## Task goal
The answer must be a single number: the count of lines in the data below that hold the word "from".

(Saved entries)

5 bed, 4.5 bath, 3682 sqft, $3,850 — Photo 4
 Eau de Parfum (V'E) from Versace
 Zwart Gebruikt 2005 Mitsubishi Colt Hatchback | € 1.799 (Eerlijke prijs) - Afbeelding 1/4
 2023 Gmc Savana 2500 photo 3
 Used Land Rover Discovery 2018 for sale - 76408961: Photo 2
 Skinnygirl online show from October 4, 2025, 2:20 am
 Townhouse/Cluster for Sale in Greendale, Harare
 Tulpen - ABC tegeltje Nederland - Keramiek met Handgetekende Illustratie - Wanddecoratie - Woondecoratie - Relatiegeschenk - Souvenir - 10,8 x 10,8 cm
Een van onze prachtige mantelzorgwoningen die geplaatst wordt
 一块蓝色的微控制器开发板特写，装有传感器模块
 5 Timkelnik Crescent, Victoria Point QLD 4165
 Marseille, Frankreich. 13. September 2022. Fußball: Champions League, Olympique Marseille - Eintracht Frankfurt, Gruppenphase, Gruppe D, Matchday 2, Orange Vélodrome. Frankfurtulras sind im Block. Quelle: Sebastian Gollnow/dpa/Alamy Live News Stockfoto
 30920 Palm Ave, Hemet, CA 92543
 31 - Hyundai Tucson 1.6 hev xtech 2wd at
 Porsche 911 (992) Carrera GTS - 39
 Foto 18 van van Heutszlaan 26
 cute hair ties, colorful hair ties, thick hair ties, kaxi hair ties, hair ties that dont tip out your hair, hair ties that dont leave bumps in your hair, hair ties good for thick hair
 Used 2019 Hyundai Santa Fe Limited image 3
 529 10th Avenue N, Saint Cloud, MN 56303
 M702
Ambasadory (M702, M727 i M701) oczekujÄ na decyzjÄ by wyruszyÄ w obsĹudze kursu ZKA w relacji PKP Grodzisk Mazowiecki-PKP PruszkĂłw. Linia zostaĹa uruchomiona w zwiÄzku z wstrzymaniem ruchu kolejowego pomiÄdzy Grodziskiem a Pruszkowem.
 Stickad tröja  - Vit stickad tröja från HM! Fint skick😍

## Solution to this task
2